• [DATA BLOCK]:
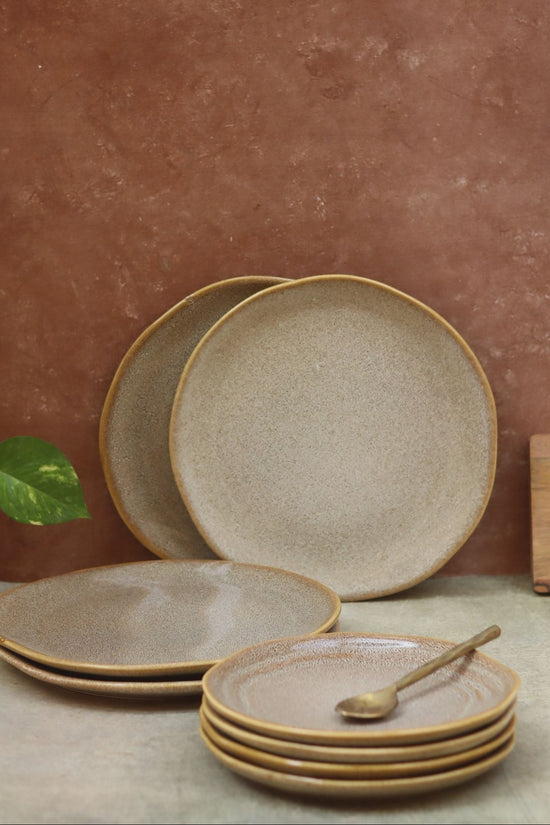 Set of 8 -  Beige Artisanal Dinner Set made by ceramic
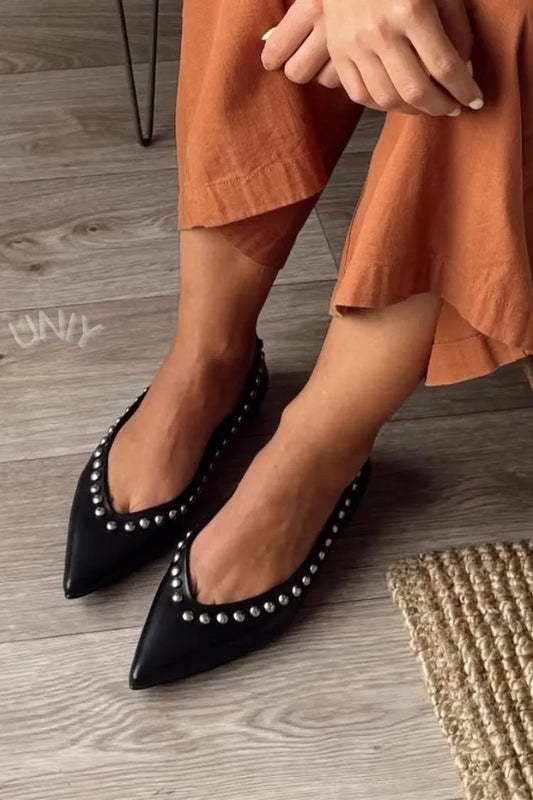 Chic Black Studded Pointed Toe Slip-On Flats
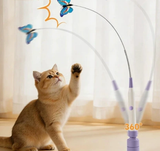 Spinning Butterfly Cat Wand Interactive Cat Teaser Toy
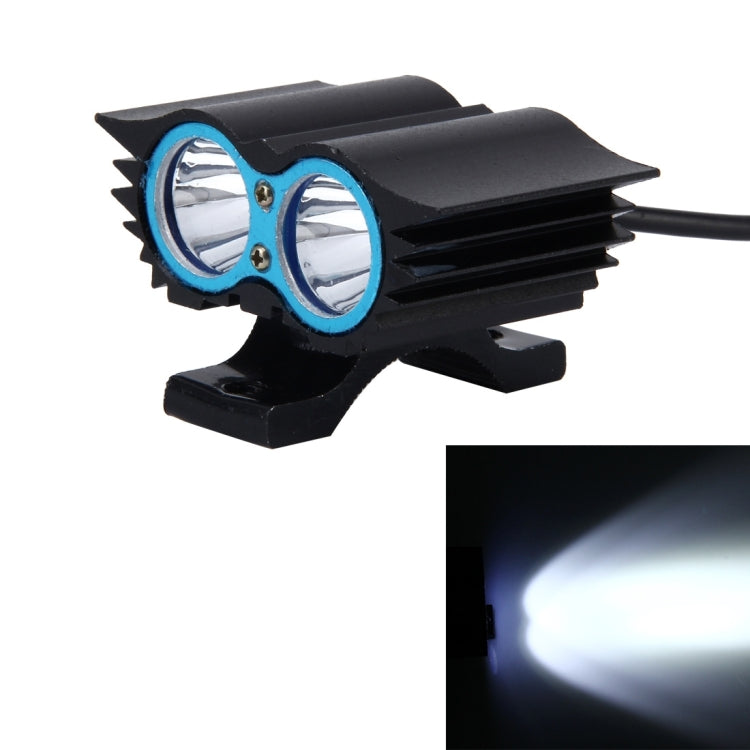 Owl Shape 20W 2000 LM 6000K Motorcycle Headlight Lamp with 2 COB Lamps and LED Projector Lens, DC 12-80V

• [WHAT THE TASK ASKS]:
Reproduce the data above word for word and omit the images.

• [EXERCISE RESPONSE]:
 Set of 8 -  Beige Artisanal Dinner Set made by ceramic
 Chic Black Studded Pointed Toe Slip-On Flats
 Spinning Butterfly Cat Wand Interactive Cat Teaser Toy
 Owl Shape 20W 2000 LM 6000K Motorcycle Headlight Lamp with 2 COB Lamps and LED Projector Lens, DC 12-80V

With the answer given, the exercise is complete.